Search code examples
javaapache-kafkakafka-consumer-apispring-kafka

Uniformly distribute the Kafka partitions among the Consumer


I have a topic with 300 partitions, and have 100 Consumers/Machines. I am using Spring Kafka as my underlying framework to implement the Kafka Consumers.

I am using ConcurrentKafkaListenerContainerFactory and setting the concurrency to 3, so in theory, I should have 300 Consumer Containers, and one partition should be connected to one container, thus the partitions being uniformly distributed among the 100 machines.

For the first constructor, kafka will distribute the partitions across the consumers. For the second constructor, the ConcurrentMessageListenerContainer distributes the TopicPartition s across the delegate KafkaMessageListenerContainer s.

If, say, 6 TopicPartition s are provided and the concurrency is 3; each container will get 2 partitions. For 5 TopicPartition s, 2 containers will get 2 partitions and the third will get 1. If the concurrency is greater than the number of TopicPartitions, the concurrency will be adjusted down such that each container will get one partition.

But I don't see the above behavior, I see that some of the Containers/Machines are Idle, while others are connected to 6 partitions, which is causing Lag in Kafka Topic.

Am I doing something wrong here, how can I make sure that the partitions are evenly mapped between the Containers and no container is mapped to more than one partition? Please help.

key.deserializer : StringDeserializer
value.deserializer : [CUSTOM DESERIALIZER]
enable.auto.commit  : false
max.poll.records : 5
group.id : [MY GROUP]
partition.assignment.strategy : StickyAssignor
max.partition.fetch.bytes : 1048576
bootstrap.servers : [SERVERS]
auto.commit.interval.ms : 3000
auto.offset.reset : latest


factory.setConcurrency(3);

@KafkaListener(topics = "#{kafkaTopicConfig.getStoreSupply()}", containerFactory = EI_LISTNER_FACTORY)

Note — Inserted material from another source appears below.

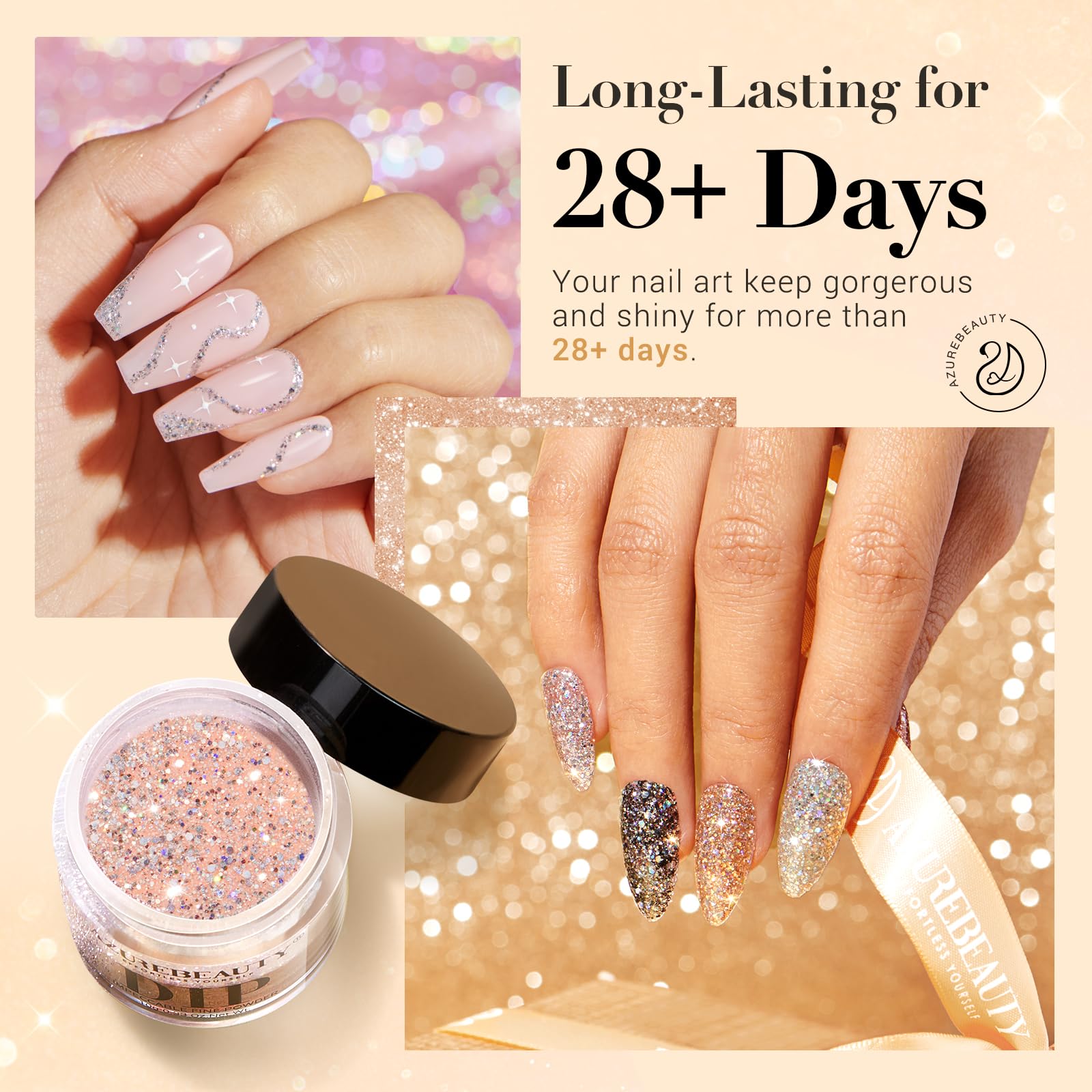 AZUREBEAUTY Dip Powder Plata Brillo Metalico para acabado espejo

EI_LISTNER_FACTORY is a Bean..

@Bean(EI_LISTNER_FACTORY)
public ConcurrentKafkaListenerContainerFactory<String, AggQuantityByPrimeValue> eiKafkaListenerContainerFactory() {

    Boolean eiCnsumerStartup = [START_UP From Configuration]

    Integer concurrentThreadCount = 3;

    Map<String, Object> config = [properties from ABOVE]
    ConcurrentKafkaListenerContainerFactory<String, AggQuantityByPrimeValue> factory = new ConcurrentKafkaListenerContainerFactory<>();
    factory.setConsumerFactory(new DefaultKafkaConsumerFactory<>(config));
    factory.setAutoStartup(eiConsumerStartup);

    if (config.get(ConsumerConfig.ENABLE_AUTO_COMMIT_CONFIG).equals("false")) {
        factory.getContainerProperties().setAckMode(AckMode.MANUAL_IMMEDIATE);
        factory.setConcurrency(concurrentThreadCount);
    }
    return factory;

}


Solution

  • Config looks fine. Probably when you described consumer group, few consumers had gone unreachable/idle. Thus rebalancing would have caused to assign same server container thread to multiple partition.

    If this is not the case, Enable kafka level logs to monitor the partition assigned and revoked logs to check if rebalance is triggering the desired outcome.